==== Supplied data
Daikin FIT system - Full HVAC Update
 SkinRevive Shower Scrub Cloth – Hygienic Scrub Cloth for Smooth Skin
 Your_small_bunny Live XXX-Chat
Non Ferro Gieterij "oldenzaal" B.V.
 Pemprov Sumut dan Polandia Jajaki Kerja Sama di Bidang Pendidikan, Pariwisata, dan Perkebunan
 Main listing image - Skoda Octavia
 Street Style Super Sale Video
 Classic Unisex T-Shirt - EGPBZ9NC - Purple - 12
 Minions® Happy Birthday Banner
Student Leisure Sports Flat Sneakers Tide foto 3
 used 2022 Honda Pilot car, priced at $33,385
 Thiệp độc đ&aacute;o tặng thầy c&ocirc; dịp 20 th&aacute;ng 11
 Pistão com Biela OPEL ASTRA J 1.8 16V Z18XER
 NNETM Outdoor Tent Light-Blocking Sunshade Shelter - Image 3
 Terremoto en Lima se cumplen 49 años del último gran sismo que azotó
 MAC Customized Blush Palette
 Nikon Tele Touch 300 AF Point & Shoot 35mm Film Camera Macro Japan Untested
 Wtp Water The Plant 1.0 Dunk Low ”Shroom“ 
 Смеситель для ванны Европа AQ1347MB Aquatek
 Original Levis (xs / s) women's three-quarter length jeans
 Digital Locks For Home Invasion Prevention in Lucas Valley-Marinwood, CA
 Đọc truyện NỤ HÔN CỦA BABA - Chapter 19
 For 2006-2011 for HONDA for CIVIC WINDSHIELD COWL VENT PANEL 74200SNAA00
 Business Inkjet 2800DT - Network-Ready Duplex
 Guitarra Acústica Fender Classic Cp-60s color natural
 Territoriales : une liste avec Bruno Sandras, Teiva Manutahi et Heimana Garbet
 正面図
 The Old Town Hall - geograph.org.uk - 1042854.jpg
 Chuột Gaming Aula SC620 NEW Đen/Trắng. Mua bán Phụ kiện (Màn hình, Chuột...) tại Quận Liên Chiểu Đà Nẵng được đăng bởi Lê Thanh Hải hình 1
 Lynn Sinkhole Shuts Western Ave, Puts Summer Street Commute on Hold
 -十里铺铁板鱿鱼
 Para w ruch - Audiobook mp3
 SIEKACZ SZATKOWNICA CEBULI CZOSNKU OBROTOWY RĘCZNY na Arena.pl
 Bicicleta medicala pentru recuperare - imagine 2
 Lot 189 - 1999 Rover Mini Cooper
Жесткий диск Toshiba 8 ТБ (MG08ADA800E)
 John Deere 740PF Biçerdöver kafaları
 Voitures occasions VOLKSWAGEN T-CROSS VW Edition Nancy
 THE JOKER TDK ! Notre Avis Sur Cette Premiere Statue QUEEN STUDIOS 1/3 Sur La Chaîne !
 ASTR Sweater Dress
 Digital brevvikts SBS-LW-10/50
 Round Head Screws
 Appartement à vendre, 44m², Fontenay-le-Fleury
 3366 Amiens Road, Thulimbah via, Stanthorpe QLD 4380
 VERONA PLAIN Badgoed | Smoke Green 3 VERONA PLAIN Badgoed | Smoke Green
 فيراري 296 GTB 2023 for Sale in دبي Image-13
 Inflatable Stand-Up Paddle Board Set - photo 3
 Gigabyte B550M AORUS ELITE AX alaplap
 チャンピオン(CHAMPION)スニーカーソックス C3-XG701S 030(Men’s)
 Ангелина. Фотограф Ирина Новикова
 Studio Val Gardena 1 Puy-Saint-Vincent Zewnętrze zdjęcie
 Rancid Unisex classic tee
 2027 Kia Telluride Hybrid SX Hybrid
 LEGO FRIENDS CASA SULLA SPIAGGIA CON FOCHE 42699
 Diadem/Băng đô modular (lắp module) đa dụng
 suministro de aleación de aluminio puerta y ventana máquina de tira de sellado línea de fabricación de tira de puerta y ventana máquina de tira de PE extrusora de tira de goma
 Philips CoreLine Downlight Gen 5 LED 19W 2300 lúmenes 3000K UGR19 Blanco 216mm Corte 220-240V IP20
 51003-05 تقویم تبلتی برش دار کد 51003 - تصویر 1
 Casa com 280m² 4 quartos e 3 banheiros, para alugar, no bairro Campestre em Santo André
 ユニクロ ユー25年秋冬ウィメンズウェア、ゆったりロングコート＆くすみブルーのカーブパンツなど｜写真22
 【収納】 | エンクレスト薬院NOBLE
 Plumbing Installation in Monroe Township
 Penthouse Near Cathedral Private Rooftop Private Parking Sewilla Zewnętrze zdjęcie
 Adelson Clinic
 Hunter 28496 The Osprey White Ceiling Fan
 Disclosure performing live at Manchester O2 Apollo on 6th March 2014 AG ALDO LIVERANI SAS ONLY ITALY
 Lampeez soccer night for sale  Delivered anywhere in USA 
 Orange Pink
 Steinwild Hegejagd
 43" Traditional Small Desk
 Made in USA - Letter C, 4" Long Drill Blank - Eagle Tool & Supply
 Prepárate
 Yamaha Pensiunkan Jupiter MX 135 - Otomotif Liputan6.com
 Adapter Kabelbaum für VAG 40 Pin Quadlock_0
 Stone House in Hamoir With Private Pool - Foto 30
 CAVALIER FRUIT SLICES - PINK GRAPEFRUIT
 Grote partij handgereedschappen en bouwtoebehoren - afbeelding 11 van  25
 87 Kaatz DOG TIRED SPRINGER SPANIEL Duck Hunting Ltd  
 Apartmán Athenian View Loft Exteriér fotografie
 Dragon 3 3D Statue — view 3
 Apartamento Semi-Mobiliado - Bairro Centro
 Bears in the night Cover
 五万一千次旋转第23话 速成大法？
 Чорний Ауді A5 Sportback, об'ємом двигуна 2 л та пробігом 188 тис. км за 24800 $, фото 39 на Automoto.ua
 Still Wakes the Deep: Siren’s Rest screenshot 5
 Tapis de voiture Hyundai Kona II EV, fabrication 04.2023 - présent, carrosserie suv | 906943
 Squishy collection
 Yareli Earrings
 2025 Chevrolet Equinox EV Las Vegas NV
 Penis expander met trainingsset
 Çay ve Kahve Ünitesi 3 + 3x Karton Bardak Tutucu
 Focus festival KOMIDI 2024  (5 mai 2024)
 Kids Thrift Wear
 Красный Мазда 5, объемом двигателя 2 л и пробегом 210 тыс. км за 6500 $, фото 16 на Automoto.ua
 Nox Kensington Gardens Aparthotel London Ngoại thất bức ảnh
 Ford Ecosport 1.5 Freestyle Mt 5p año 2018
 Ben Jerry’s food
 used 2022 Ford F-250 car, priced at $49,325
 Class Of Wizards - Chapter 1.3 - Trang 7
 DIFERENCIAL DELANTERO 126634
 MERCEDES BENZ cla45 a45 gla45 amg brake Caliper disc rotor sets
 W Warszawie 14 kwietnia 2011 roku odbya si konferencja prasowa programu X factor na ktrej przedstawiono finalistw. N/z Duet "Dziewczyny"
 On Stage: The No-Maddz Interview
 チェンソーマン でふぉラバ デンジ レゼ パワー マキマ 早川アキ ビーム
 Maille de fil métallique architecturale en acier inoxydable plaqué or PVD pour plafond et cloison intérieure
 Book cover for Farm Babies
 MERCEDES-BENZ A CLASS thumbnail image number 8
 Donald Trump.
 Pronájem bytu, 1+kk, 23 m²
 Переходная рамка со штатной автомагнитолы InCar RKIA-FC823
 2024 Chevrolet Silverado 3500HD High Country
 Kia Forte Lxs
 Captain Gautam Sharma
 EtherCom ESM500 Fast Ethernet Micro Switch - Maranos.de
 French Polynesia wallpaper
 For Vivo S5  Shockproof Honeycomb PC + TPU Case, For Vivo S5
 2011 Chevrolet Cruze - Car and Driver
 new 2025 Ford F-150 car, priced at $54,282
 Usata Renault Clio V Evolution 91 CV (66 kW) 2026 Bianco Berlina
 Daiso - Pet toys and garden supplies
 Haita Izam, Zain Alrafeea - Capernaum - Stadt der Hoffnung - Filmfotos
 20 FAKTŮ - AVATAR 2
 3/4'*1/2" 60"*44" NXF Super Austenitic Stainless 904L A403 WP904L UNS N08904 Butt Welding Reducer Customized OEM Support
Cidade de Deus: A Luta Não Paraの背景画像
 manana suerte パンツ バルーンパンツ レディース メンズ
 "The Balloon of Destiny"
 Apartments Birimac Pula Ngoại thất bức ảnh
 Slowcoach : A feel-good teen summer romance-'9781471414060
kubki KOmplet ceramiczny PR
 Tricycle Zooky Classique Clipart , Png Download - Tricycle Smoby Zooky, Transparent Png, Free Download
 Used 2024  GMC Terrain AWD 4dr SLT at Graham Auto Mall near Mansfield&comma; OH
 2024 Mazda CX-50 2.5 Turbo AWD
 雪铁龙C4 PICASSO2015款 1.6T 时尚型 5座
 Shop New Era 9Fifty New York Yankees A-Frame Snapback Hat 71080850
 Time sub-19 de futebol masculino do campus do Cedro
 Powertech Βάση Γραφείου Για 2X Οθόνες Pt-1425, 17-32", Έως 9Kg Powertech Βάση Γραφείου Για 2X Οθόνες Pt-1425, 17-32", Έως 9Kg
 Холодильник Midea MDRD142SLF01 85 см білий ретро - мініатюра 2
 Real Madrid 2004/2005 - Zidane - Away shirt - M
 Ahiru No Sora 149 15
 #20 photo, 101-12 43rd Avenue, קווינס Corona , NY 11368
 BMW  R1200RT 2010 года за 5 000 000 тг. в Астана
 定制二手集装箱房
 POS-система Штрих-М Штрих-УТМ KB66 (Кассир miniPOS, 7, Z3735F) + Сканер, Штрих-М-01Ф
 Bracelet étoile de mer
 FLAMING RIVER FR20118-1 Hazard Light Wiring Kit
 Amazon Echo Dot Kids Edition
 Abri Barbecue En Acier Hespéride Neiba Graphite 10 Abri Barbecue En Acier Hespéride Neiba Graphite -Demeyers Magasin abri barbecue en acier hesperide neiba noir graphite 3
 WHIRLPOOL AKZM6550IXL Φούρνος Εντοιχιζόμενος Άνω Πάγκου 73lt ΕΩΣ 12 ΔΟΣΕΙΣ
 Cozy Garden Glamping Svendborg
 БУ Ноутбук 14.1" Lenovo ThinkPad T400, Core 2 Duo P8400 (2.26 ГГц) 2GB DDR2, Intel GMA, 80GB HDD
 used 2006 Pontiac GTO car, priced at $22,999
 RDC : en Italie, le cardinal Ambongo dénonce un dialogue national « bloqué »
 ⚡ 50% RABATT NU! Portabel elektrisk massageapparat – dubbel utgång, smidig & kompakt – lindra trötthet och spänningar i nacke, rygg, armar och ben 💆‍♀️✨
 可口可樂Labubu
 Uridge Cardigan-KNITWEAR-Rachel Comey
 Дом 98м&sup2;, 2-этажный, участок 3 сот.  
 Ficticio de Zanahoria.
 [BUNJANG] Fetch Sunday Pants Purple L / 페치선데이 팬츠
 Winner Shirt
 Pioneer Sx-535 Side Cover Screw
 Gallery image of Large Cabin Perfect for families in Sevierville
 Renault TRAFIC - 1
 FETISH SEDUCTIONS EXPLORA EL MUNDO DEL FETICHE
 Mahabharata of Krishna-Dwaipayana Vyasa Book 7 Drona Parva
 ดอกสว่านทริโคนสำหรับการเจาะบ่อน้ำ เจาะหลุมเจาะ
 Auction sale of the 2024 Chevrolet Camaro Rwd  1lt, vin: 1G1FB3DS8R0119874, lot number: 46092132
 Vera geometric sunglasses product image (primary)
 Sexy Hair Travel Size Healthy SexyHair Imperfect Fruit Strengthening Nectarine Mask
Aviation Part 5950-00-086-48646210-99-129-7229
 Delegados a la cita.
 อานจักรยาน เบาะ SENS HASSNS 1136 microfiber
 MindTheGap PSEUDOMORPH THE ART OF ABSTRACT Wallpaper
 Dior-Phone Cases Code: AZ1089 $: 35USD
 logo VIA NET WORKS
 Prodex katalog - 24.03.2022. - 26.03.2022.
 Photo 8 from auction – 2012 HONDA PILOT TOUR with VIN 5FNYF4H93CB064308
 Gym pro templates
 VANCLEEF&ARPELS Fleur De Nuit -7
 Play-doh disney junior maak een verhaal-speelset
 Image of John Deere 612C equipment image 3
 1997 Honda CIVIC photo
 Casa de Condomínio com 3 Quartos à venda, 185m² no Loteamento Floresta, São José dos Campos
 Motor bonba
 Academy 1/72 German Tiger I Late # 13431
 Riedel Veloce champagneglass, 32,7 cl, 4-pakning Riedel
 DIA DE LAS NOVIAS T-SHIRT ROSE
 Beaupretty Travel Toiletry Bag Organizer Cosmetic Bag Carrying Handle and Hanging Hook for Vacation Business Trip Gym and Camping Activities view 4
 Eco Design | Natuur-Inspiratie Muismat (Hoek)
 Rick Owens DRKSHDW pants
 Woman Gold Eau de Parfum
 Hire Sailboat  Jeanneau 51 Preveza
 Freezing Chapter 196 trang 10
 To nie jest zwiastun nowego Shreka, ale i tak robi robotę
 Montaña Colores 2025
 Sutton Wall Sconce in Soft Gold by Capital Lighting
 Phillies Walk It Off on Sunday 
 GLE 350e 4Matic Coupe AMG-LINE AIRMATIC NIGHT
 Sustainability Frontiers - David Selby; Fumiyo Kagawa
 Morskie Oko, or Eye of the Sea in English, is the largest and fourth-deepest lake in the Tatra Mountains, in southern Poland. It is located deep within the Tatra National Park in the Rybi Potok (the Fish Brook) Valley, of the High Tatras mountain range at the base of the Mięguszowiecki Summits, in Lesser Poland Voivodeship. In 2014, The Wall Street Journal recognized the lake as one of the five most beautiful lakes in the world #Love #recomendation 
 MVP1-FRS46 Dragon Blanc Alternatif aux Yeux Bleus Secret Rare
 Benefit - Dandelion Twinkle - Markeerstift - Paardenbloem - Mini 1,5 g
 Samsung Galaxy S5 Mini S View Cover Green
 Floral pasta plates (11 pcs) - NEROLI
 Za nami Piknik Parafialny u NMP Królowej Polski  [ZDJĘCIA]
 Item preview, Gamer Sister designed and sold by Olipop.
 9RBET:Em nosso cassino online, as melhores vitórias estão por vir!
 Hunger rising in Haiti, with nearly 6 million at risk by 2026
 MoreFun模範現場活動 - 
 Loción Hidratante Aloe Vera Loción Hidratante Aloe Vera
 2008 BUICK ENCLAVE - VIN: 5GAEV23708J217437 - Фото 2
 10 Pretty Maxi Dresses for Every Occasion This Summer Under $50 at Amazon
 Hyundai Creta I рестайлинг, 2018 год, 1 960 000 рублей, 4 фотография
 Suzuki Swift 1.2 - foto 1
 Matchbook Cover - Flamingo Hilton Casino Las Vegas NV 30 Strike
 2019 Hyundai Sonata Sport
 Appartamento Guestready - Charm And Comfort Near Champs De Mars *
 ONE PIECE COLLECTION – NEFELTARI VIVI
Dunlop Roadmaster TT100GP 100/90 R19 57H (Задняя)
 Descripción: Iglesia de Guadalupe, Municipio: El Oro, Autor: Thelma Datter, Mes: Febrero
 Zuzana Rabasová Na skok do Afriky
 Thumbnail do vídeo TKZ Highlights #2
========
Exercise goal:
What number of lines in the records contain the word "John"? Answer with that number alone.

Response to this exercise:
2